ACTIVITY
Print the entries verbatim, leaving out the images they contain.

(Captioned web images)
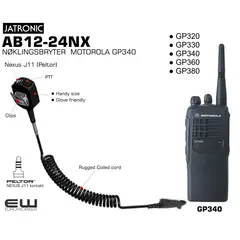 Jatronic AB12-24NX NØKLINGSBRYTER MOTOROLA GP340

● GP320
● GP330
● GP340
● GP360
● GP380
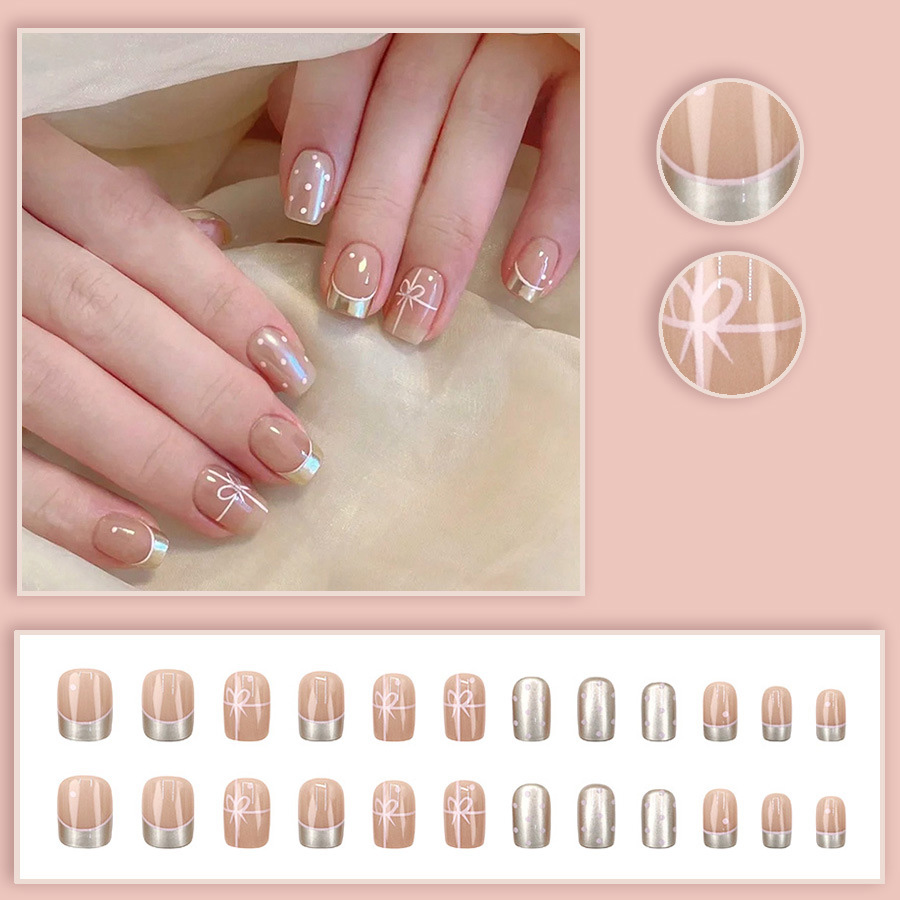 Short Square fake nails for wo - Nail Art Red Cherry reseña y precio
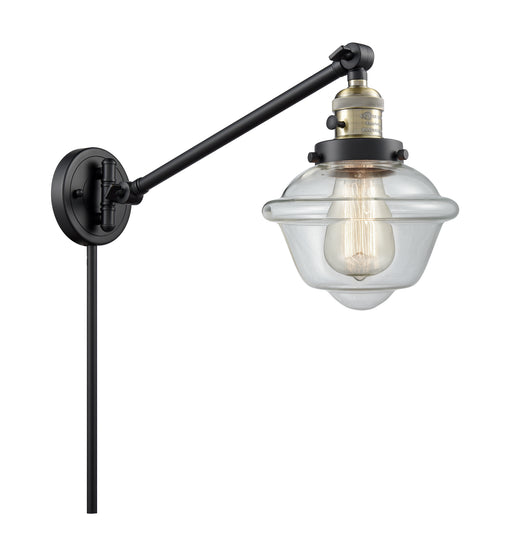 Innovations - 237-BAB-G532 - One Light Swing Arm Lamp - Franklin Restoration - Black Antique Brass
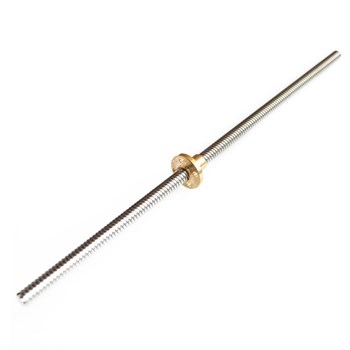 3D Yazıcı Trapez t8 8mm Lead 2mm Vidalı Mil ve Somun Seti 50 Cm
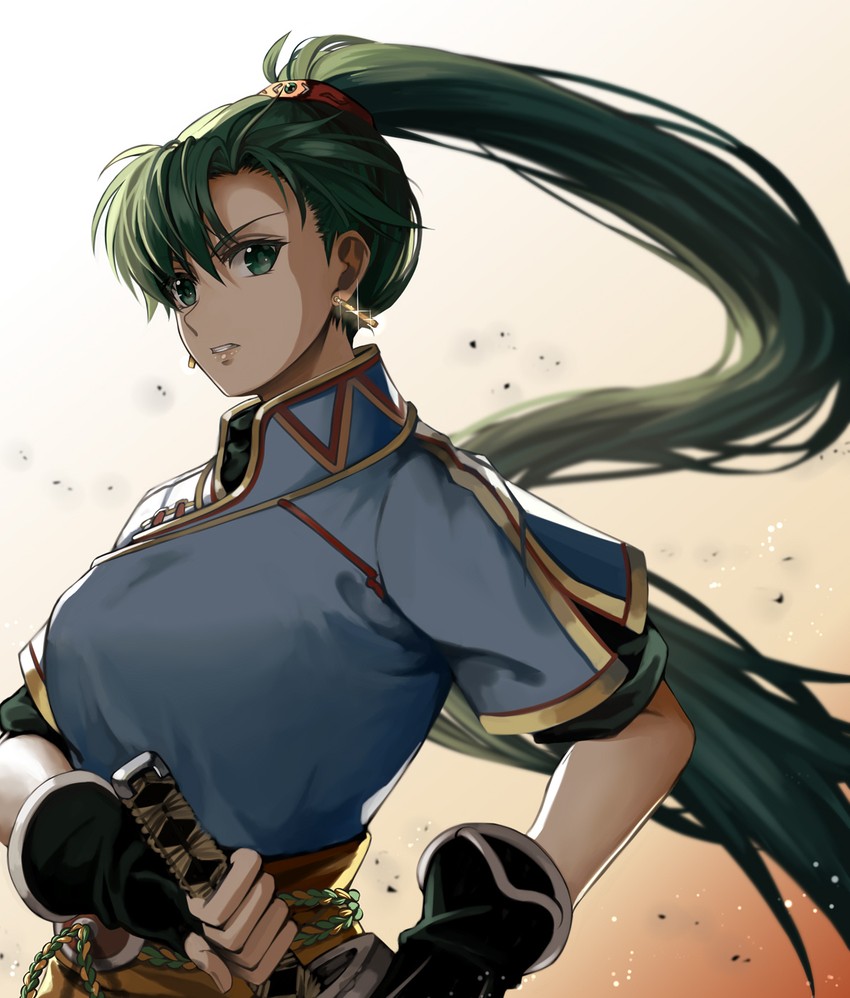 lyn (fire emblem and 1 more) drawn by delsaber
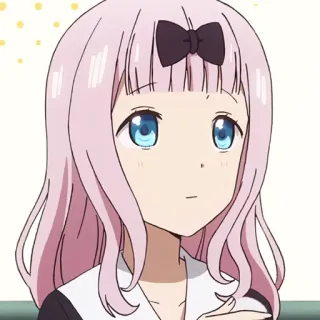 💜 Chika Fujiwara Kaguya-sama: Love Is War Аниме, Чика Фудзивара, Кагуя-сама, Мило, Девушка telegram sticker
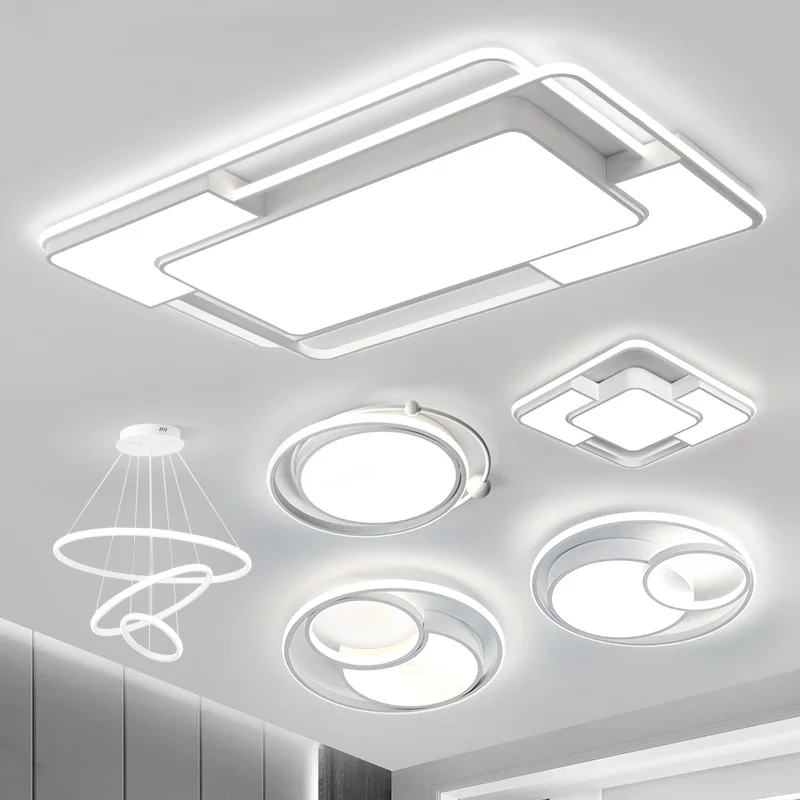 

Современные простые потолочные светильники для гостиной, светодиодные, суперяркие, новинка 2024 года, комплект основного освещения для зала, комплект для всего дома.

TASK SOLUTION
 Jatronic AB12-24NX NØKLINGSBRYTER MOTOROLA GP340

● GP320
● GP330
● GP340
● GP360
● GP380
 Short Square fake nails for wo - Nail Art Red Cherry reseña y precio
 Innovations - 237-BAB-G532 - One Light Swing Arm Lamp - Franklin Restoration - Black Antique Brass
 3D Yazıcı Trapez t8 8mm Lead 2mm Vidalı Mil ve Somun Seti 50 Cm
 lyn (fire emblem and 1 more) drawn by delsaber
 💜 Chika Fujiwara Kaguya-sama: Love Is War Аниме, Чика Фудзивара, Кагуя-сама, Мило, Девушка telegram sticker

Современные простые потолочные светильники для гостиной, светодиодные, суперяркие, новинка 2024 года, комплект основного освещения для зала, комплект для всего дома.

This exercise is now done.